Have a heart-to-heart with your husband when neither of you are upset and discuss this. If that doesn’t work, counseling is probably perfect for this. Good luck!
Post # 3
- Wedding: October 2011 - Bed & Breakfast
I agree with a PP that having a calm discussion to lay the ground rules for handling conflicts, establishing what behaviors and words are/are not acceptable, may help you avoid this situation in the future. If that doesn’t work, a few sessions with a marriage counselor may help both of you identify the troublesome behaviors/tones/phrases in a safe way and develop strategies to re-set those communication patterns that lead to negative outcomes (him feeling like he has to be on defense and you feeling annoyed/upset). It’s so easy to be trapped in negative communication patterns, and sometimes a pro’s assistance is the most expedient way to break out of them.
Post # 4
Hi annb9, we do end up talking calmly about it a few hours after and even the next day and he admits he acted rude and I admit that I may have pushed it too far and we apologise and all is sweet again … until another silly argument arises … adding to that the fact that he’s had a tough day at work and is tired, and so the argument begins again …
So frustrating. It feels like he can’t help himself even though he knows that he’s going about it the wrong way.
Post # 5
Yup, I know how that goes. Not to generalize all men but after talking with many females in my life over the years it seems like some men are not able to accept responsibility in fights. My FI BARELY will say “I’m sorry”, its like pulling teeth to get a sincere apology out of him. Also, men have this amazing talent of turning around fights and making it seem like the womans fault. How do they do this?! Ugh.
I agree with annb9, have a talk when neither of you are upset about anything. My FI and I have done this, discussed HOW we fight and things that we can do to have productive disagreements and lines that should not be crossed.
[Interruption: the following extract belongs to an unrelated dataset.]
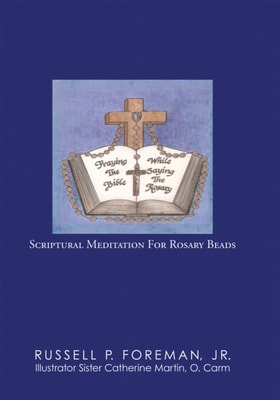Praying the Bible While Saying the Rosary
For example, I do not tolerate name calling! Not that that makes any of our fights fun or pleasent but gives us a better understanding of each other when they do happen. Hopefully if you present your concerns to your husband you guys can come to at least a mutual understanding. All the best.
Post # 6
What you’re going through sucks – men can be so mean and rude when they’re angry! I do a combo – where when things begin to escalate and FI is being a big fat jerk, I say to him “This feels terrible. I don’t want to be yelled at and I don’t deserve this sh*t. I’ll talk to you when you can be kind and loving” and then I’ll walk away and leave the room — even before he’s done talking. This makes him really angry, but since fights take two people and I’m not there to participate anymore, it keeps things from getting really ugly.
The other thing that also works (but not as well as the first) is I mirror his behavior and words. If he gets really rude and condenscending, I dish it right back — exactly the way he talked to me. Sometimes men just do NOT understand when you keep saying things like “the way you talked to me was really rude and it hurt my feelings” — this is too abstract and general. So when I treat FI exactly the way he treats me, he gets a better understanding of how it feels to be at the receiving end.
Hang in there! It really sucks when things like this happen, but you married your man for a reason so focus on the positives and why you chose him to be your DH.
Post # 7
lovekiss: fallparkbride: Shina: annb9: thanks so much bees for your kind advice, it is just sooo frusterating and i HATE when we argue like that – it’s not tht often but still, it shouldn’t get to the point where I am in tears and inconsolable and having negative thoughts about him.
we spoke about it the next day when he was much calmer (which also annoys me because that means i need to stew on it and feel like rubbish until he’s ready) … but anyway, he spoke to me about it and we spoke it through and came up with some aggreements and arrangements.
Lets see if the next time we enter an argument we actually use these! Easier said than done.
Well, for now all is good, time will tell.